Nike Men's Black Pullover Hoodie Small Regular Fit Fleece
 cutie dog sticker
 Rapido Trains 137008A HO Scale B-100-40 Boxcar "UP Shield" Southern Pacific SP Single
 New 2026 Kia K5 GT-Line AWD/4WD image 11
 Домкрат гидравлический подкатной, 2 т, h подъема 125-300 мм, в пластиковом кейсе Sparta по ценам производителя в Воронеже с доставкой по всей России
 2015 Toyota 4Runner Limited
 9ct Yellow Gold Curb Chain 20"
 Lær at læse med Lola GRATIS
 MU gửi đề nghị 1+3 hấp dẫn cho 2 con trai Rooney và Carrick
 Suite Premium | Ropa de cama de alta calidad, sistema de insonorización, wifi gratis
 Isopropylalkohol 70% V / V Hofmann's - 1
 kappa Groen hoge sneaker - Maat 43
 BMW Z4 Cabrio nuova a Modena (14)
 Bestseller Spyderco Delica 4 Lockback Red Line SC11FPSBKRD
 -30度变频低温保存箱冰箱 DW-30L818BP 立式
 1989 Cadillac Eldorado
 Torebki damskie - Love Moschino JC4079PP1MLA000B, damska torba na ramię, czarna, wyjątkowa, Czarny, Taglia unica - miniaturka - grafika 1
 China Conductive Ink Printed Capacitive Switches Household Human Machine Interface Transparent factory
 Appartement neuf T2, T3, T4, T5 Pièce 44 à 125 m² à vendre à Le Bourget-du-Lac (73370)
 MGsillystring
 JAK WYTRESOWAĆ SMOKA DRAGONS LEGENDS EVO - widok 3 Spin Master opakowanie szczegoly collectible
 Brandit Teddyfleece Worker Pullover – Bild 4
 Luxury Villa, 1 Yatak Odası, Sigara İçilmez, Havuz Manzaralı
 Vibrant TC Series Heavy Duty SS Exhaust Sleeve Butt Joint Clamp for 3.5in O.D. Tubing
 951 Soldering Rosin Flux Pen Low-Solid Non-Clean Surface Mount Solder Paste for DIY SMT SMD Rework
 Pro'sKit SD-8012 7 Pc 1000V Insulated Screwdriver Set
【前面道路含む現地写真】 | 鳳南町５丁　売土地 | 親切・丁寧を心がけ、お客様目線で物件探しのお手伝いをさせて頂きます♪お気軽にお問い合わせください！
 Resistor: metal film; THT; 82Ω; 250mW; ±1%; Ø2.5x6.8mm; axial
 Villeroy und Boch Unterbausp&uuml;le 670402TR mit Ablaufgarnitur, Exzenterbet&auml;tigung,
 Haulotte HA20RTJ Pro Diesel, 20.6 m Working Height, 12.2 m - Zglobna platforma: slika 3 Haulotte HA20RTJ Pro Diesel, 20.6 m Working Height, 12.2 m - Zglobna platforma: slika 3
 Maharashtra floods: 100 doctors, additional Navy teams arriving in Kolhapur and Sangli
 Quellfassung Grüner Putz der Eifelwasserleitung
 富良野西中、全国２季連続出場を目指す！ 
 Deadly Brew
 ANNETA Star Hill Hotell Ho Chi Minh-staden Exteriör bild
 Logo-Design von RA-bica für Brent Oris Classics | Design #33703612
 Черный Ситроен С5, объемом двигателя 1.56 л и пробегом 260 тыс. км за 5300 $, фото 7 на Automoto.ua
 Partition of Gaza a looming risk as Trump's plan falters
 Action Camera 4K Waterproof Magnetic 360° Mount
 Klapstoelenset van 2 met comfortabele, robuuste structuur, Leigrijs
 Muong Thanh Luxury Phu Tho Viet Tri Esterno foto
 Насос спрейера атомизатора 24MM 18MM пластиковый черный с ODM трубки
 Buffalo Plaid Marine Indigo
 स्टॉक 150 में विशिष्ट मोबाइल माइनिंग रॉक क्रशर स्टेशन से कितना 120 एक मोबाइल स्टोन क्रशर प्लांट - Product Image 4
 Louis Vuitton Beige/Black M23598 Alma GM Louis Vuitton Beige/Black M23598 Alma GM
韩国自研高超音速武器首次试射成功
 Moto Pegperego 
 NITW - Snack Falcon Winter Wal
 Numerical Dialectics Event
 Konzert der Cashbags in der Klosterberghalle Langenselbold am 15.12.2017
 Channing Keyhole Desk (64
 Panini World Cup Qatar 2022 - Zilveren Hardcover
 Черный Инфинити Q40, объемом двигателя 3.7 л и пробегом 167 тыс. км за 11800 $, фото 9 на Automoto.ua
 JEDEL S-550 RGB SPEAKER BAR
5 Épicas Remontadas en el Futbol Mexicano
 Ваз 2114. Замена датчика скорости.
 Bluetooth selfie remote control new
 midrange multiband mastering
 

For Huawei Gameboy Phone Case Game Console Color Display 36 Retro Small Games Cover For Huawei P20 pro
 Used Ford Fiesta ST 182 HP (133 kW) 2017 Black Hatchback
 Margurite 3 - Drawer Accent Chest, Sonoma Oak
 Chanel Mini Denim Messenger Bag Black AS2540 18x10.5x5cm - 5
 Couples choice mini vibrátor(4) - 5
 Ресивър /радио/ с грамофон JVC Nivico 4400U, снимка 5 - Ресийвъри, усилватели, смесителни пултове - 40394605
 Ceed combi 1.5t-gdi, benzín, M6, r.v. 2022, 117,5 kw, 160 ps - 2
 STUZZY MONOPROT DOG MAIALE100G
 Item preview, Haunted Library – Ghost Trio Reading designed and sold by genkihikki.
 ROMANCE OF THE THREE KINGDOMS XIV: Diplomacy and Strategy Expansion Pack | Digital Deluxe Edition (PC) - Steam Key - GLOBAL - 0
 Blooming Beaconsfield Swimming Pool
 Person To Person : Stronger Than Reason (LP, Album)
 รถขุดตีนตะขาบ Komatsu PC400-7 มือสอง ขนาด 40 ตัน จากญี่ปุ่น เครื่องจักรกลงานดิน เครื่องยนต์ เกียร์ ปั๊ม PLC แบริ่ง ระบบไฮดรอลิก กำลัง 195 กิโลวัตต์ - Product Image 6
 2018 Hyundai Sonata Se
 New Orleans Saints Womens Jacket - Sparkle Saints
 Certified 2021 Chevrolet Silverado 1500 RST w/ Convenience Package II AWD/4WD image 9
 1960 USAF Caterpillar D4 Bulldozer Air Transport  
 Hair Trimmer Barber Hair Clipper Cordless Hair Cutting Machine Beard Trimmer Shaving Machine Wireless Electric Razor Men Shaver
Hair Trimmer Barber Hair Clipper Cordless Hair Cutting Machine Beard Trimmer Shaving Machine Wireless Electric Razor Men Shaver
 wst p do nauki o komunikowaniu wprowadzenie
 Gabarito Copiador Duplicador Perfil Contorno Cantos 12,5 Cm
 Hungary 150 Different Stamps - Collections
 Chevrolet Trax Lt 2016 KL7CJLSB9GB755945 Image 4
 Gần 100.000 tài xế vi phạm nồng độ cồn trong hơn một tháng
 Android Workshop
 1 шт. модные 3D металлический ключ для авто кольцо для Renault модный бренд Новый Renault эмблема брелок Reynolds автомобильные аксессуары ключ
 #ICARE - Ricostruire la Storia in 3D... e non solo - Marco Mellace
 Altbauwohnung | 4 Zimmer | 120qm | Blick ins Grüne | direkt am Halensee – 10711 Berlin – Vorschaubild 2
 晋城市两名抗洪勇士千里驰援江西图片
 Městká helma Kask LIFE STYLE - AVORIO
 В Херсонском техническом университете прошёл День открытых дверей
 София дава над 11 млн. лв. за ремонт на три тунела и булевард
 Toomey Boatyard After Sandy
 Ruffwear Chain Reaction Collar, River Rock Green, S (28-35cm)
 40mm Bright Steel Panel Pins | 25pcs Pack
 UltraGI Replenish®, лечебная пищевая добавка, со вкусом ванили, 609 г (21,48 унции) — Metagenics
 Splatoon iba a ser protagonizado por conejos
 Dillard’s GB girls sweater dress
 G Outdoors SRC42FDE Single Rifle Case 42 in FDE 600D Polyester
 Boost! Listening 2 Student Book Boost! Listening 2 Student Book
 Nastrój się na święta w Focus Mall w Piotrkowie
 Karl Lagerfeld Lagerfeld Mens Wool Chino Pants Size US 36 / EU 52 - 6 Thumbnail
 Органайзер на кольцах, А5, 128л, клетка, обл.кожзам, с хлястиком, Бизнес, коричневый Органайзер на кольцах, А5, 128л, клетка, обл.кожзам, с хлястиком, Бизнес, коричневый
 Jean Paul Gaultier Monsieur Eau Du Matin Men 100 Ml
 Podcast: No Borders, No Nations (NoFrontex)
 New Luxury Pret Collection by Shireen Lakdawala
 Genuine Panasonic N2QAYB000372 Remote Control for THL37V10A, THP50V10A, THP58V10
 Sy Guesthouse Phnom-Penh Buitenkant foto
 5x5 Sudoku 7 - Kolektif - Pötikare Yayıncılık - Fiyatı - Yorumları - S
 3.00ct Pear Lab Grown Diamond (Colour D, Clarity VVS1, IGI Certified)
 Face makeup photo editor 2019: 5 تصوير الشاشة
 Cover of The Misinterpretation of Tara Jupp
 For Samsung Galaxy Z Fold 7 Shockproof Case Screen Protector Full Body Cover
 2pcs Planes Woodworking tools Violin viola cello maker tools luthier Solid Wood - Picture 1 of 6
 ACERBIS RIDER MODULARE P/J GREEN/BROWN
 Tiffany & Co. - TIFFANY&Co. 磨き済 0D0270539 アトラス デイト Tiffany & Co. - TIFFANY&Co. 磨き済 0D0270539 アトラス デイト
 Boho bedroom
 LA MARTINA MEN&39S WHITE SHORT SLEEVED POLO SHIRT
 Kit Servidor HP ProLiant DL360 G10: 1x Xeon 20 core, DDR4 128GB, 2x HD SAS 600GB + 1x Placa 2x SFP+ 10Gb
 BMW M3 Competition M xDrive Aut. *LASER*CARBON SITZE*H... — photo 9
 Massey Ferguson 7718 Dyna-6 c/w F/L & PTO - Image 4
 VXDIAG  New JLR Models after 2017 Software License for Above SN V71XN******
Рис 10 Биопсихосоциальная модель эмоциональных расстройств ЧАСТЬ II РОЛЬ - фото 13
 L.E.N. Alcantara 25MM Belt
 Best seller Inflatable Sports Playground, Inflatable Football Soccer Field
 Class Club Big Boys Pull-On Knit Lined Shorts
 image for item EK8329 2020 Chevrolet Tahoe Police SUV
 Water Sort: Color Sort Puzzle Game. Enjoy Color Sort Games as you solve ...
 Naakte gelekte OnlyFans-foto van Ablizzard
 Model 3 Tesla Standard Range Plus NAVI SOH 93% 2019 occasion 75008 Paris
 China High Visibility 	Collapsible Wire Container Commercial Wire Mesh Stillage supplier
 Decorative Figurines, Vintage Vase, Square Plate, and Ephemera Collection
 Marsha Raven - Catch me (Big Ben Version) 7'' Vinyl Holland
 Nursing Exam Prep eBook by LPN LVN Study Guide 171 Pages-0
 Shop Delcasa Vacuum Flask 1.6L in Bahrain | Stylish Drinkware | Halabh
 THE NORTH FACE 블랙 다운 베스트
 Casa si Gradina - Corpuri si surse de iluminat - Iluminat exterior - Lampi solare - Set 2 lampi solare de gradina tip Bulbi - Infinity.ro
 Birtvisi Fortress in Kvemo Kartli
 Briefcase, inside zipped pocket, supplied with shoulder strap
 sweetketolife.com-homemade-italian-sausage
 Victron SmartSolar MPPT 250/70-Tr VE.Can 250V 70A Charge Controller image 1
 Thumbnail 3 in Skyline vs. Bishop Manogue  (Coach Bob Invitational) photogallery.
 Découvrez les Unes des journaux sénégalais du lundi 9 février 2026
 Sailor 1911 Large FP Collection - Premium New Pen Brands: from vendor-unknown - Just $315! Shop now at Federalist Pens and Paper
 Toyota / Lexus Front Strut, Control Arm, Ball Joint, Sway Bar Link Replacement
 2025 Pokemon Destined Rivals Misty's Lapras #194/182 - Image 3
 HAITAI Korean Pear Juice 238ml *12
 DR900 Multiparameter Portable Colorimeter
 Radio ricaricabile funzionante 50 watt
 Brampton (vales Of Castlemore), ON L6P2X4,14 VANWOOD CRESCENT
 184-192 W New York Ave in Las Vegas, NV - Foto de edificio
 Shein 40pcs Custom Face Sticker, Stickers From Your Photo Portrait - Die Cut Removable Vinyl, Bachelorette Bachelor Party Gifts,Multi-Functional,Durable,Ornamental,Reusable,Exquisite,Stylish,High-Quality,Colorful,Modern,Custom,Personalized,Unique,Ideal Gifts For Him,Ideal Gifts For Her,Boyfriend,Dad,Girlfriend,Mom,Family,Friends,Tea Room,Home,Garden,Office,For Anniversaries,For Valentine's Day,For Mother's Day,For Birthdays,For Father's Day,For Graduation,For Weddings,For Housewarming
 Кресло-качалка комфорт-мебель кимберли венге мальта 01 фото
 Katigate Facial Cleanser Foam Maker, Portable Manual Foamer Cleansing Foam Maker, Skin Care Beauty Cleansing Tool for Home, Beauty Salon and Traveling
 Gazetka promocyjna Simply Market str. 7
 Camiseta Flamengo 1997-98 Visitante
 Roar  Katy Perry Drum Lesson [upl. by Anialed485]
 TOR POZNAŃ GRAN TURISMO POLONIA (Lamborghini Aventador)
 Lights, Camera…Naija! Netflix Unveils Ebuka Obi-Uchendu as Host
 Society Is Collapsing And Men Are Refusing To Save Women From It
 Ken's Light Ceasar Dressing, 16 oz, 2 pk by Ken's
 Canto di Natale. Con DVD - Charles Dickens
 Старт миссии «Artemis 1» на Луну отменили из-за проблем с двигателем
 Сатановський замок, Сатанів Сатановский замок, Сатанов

—————

WORK ORDER –
Before answering, check every line of the records for the string "Automoto", then state how many lines have it, with the number only.

ANSWER TO THE PROBLEM –
2